### EXERCISE AIM
Take the entries below and print only the lines from the one with "6905 Highland Park CIR-32" through the one with "LEGO Icons Botanical", exactly as they stand, both ends included.

### RECORDS TO USE

______________________________

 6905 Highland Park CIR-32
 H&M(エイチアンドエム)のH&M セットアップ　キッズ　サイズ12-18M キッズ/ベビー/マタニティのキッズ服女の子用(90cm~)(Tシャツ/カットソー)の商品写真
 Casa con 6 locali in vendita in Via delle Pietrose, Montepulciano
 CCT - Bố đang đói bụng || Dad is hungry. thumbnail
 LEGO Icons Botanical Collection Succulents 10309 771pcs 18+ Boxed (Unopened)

______________________________

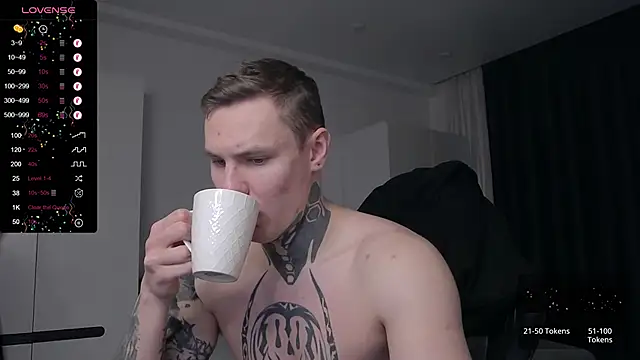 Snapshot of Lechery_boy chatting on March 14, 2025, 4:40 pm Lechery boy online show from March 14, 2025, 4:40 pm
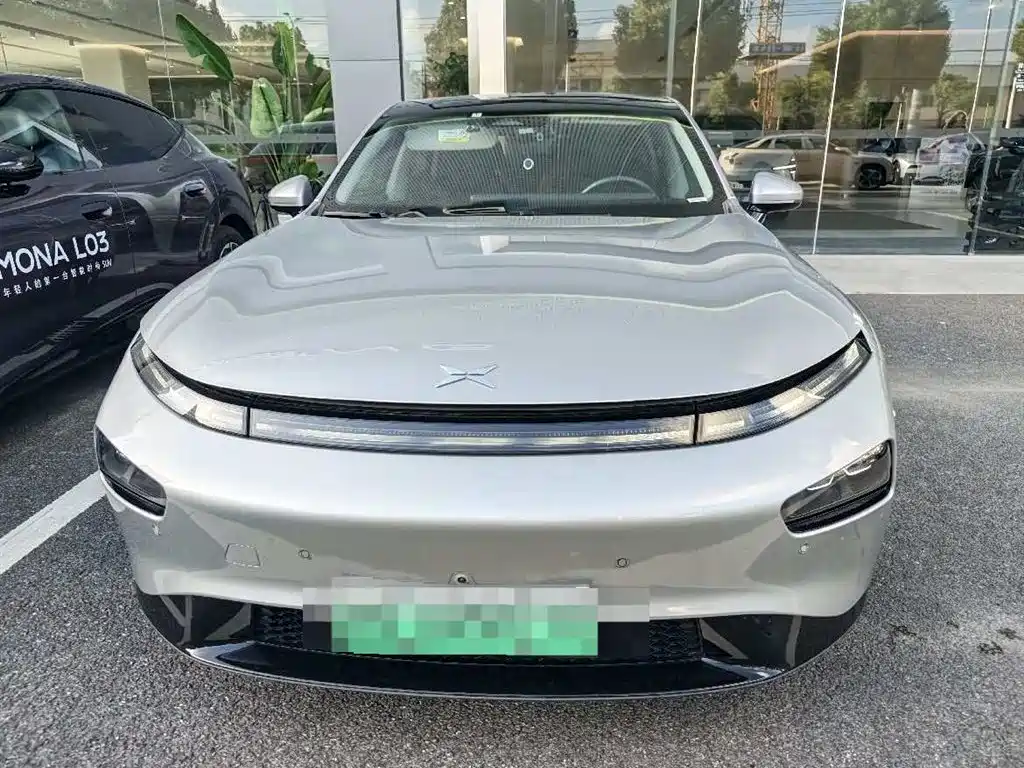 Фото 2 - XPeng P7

______________________________

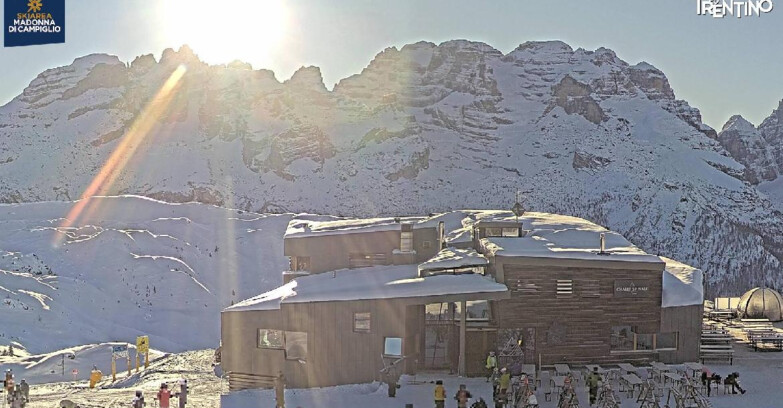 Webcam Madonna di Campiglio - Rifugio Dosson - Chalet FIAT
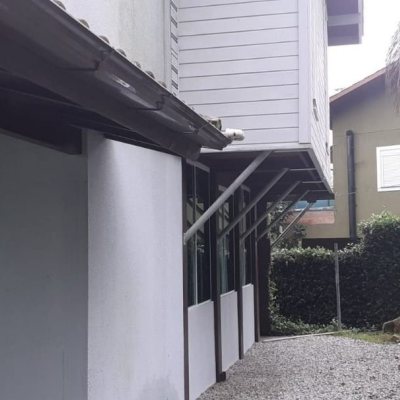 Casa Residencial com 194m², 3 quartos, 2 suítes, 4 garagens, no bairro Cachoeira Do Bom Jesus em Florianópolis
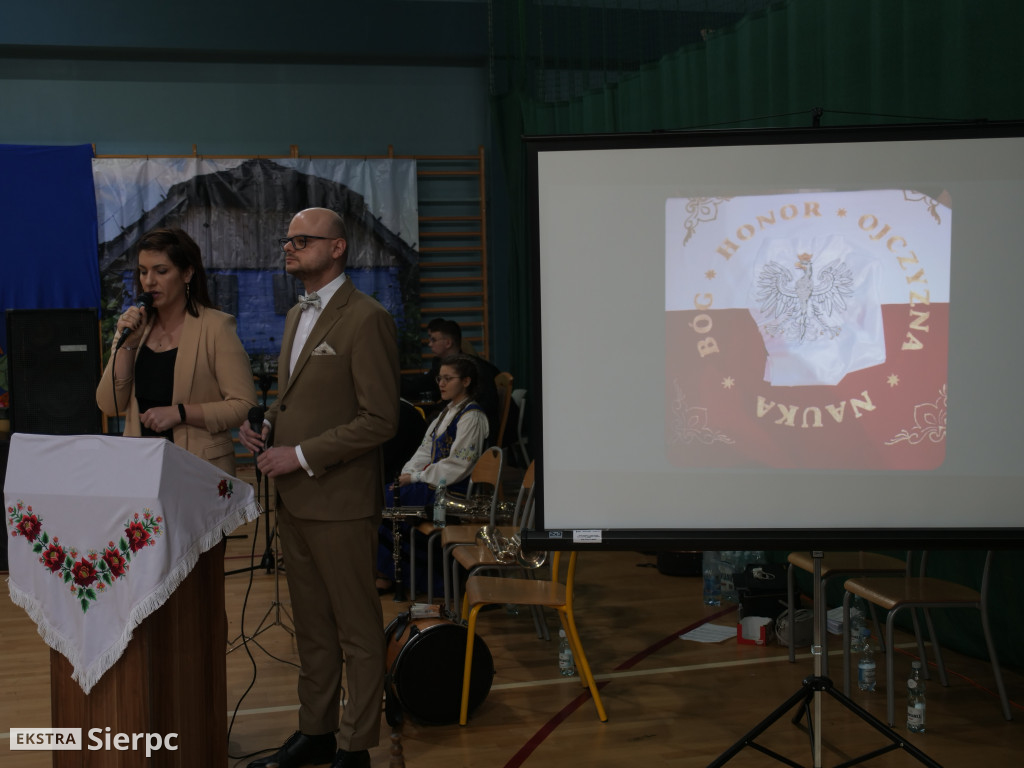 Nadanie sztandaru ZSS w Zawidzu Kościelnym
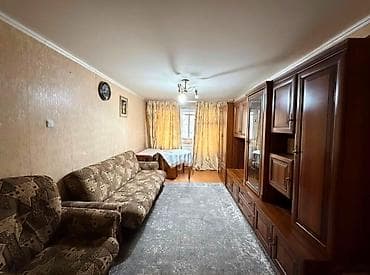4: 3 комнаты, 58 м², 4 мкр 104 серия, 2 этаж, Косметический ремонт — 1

______________________________

### SOLUTION FOR THIS PROBLEM
 6905 Highland Park CIR-32
 H&M(エイチアンドエム)のH&M セットアップ　キッズ　サイズ12-18M キッズ/ベビー/マタニティのキッズ服女の子用(90cm~)(Tシャツ/カットソー)の商品写真
 Casa con 6 locali in vendita in Via delle Pietrose, Montepulciano
 CCT - Bố đang đói bụng || Dad is hungry. thumbnail
 LEGO Icons Botanical Collection Succulents 10309 771pcs 18+ Boxed (Unopened)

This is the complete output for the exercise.